About two other potential UAE collaborators, some more details are known:

=== Österreichische Gesellschaft für Politikanalyse ===
Reportedly also active for the UAE was the Österreichische Gesellschaft für Politikanalyse ("Austrian Society for Political Analysis", ÖGP), which had been operating for several years before Alps contract was signed. According to Alp documents, its director, Ingo F., was in contact with a senior Emirati officer; a memo described the ÖGP as having conducted "the most successful UAE-influenced operation in Europe." Operations linked to the ÖGP include the Islam-Landkarte ("Islam Map"; originally created by the University of Vienna in 2012 but relaunched in 2021), the citizens' initiative Stop Extremism, and the website The Global Muslim Brotherhood Daily Watch. However, none of these operations were analyzed in detail by the EIC investigators.

=== Atmane Tazaghart ===
French-Algerian journalist Atmane Tazaghart also communicated with the same Emirati email contact as Alp.
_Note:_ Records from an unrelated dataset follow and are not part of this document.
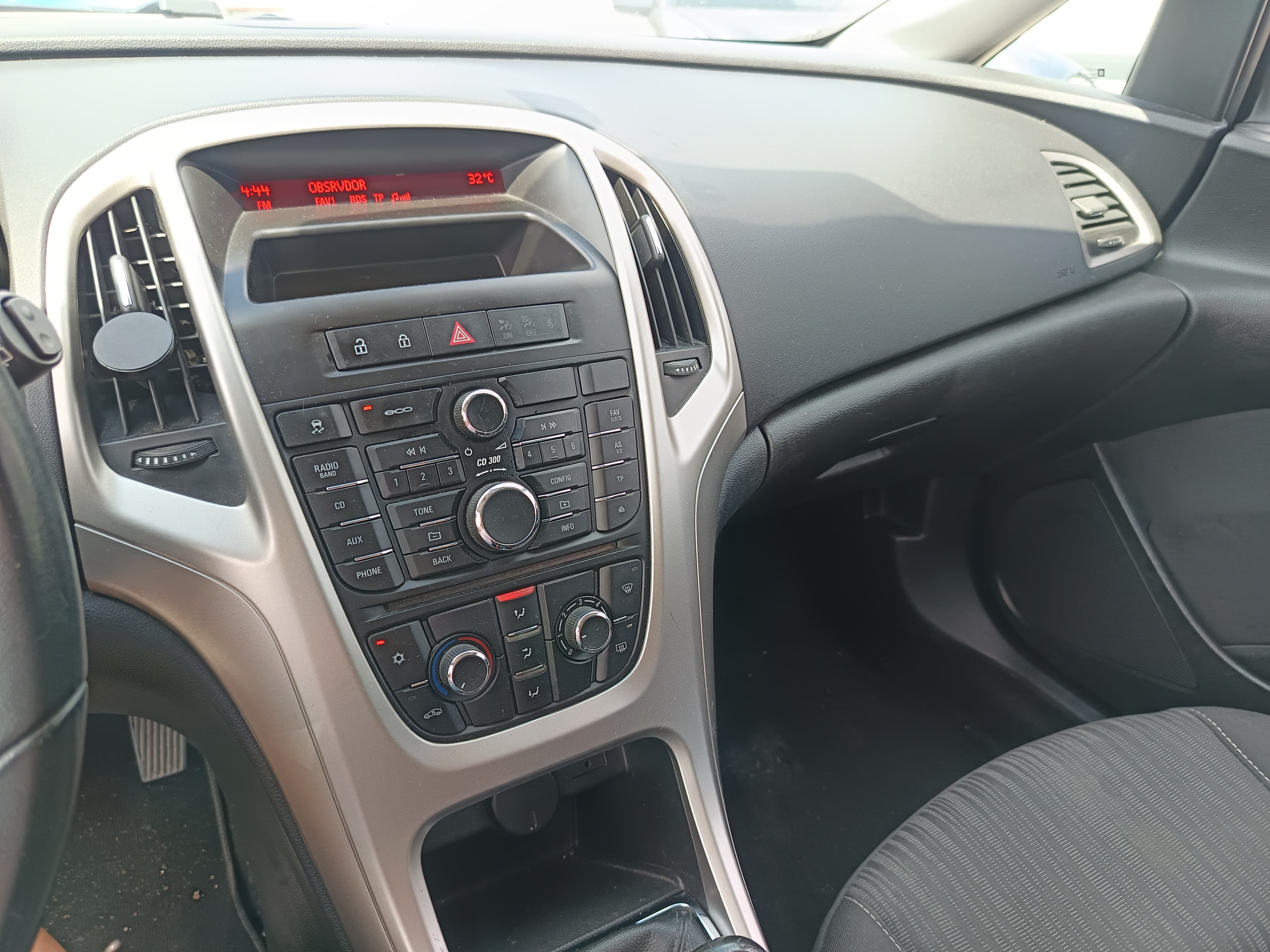 Opel Astra 1.3 CDTI · Ano 2011 — imagem 33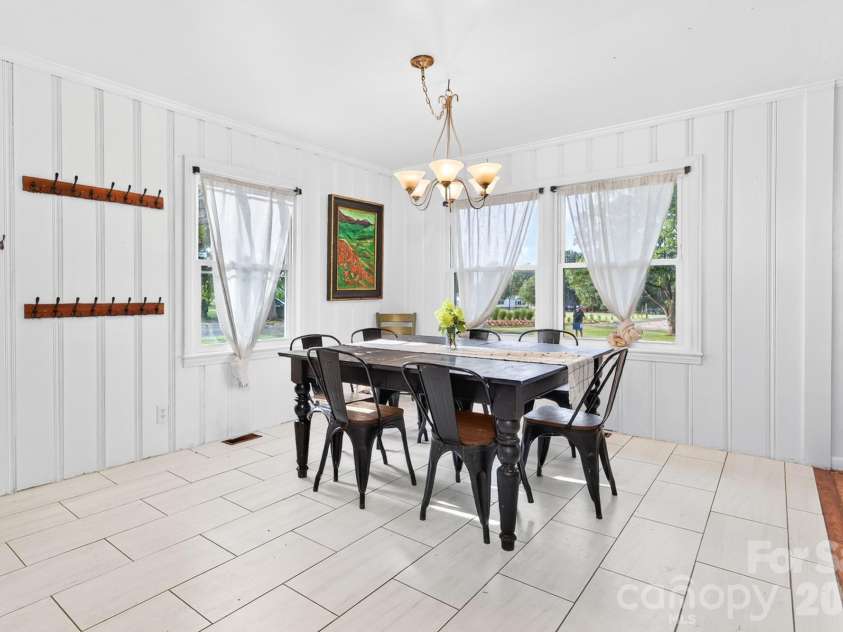 561 Shiloh Road, York, SC 29745.  MLS# CAR4409370, YatesRealty ID 43439. Dining Area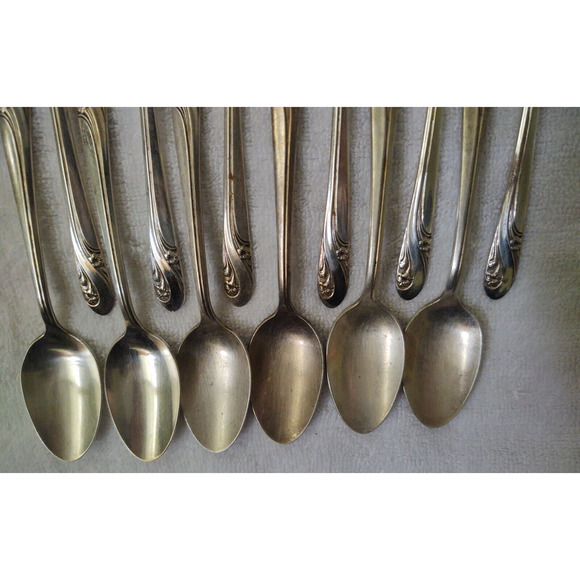 Holmes & Edwards Silverplate Silverware Romance Pattern Spoons 12 Pieces - Picture 5 of 11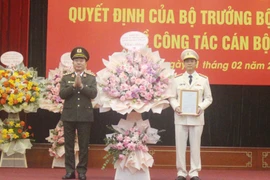 Thượng tướng Trần Quốc Tỏ, Ủy viên Trung ương Đảng, Thứ trưởng Bộ Công an trao quyết định bổ nhiệm Đại tá Thân Văn Hải giữ chức vụ Giám đốc Công an tỉnh Vĩnh Phúc. (Ảnh: Nguyễn Thảo/TTXVN)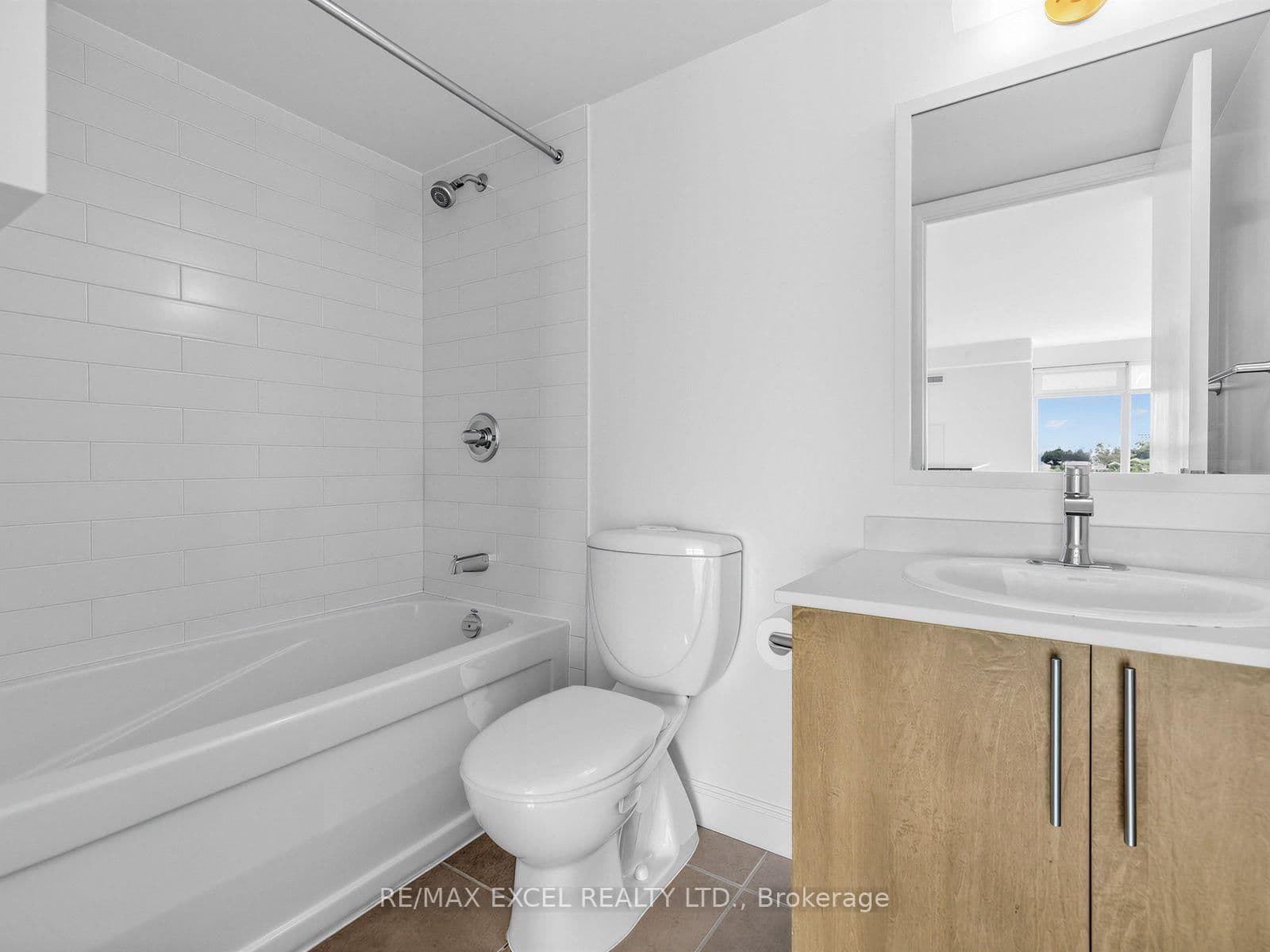 2191 Yonge Street, Unit 1805 thumbnail 23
He allegedly shared information, such as claimed financial ties between François Fillon and Qatar. Mediapart investigators left open whether Tazaghart was part of the Alp campaign or operated independently on behalf of the UAE. Tazaghart stated in response to inquiries that he had no connection to Alp.
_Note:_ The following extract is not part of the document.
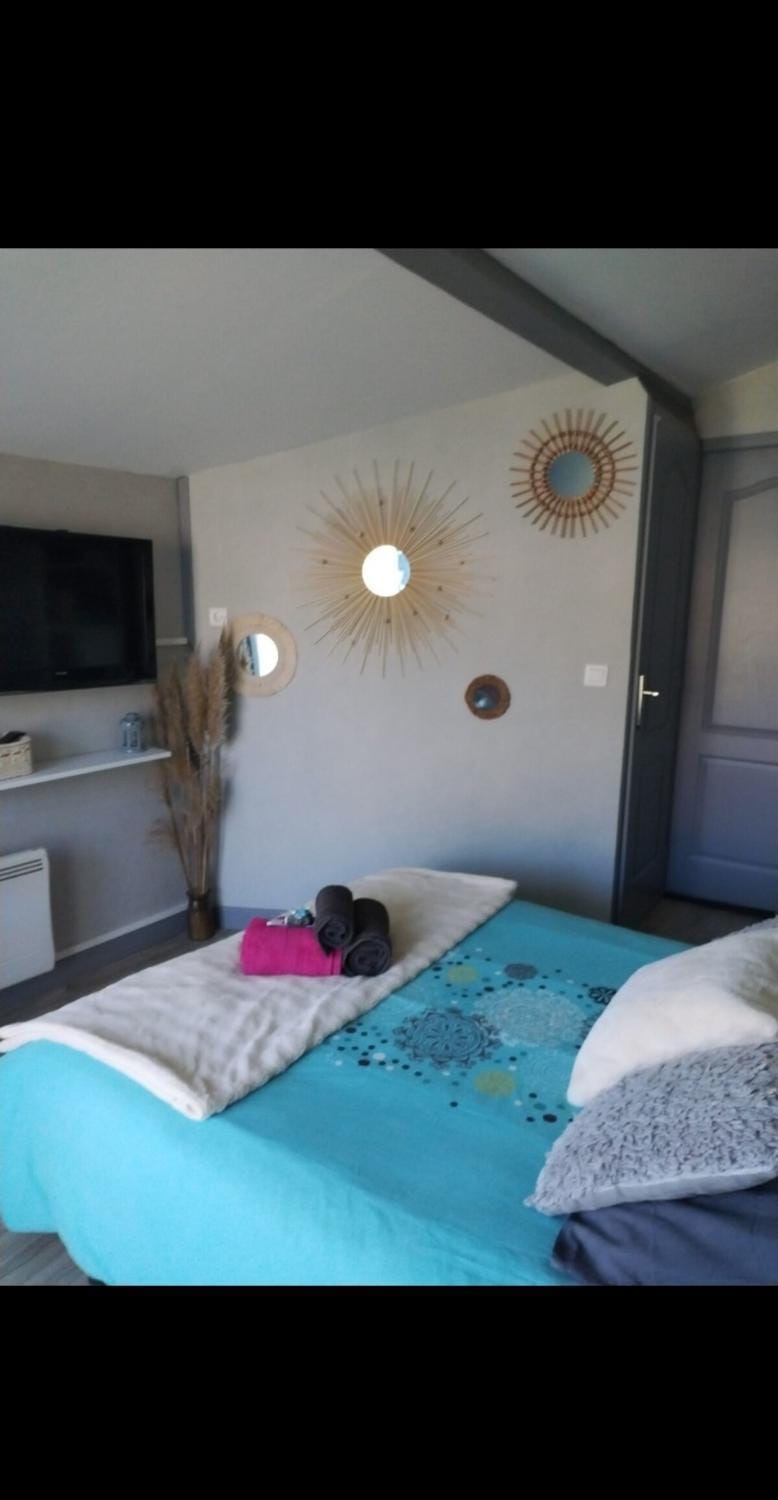 Agréable chambre d' hôte avec accès piscine Vacation rental in Occitanie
It is documented that, in addition to his email activity, Tazaghart signed a rights agreement on behalf of the shell company Countries Reports Publishing (CRP) for the translation rights to the Qatar-critical book Qatar Papers. The book's authors suspected Emirati funding behind CRP. According to La Lettre, CRP also funded Tazaghart's company Global Watch Analysis, which produced the Muslim Brotherhood-critical magazine Écran de veille and the web TV platform Elmaniya TV. In addition to Qatar Papers, Global Watch Analysis published several relevant works, including the French version of Lorenzo Vidino's book on the Muslim Brotherhood and an anthology featuring a contribution by Roland Jacquard (who was also communicated with the same email contact as Alp and Tazaghart). Tazaghart denied receiving foreign funding and stated that he had no connection to CRP as of at least 2023.

== Aftermath ==

As of 2025, at least eight legal proceedings were pending against the UAE government, Brero, Vidino, and/or other actors. These include a criminal case by the Swiss Federal Department of Foreign Affairs (FDFA), a criminal investigation by the Paris Public Prosecutor's Office, and a lawsuit for at least USD 2.77 billion filed by Hazim Nada in the United States.

The Belgian Ministry of Foreign Affairs summoned the Emirati ambassador.

Following the publication of the Abu Dhabi Secrets investigations, three George Washington University fellows resigned, citing Vidino's employment as incompatible with their values.

In mid-2026, journalist Emran Feroz warned that only the fraction of the UAE campaign related to the Alp operations had been addressed so far. Even from this fraction, disinformation spread by Alp was still circulating.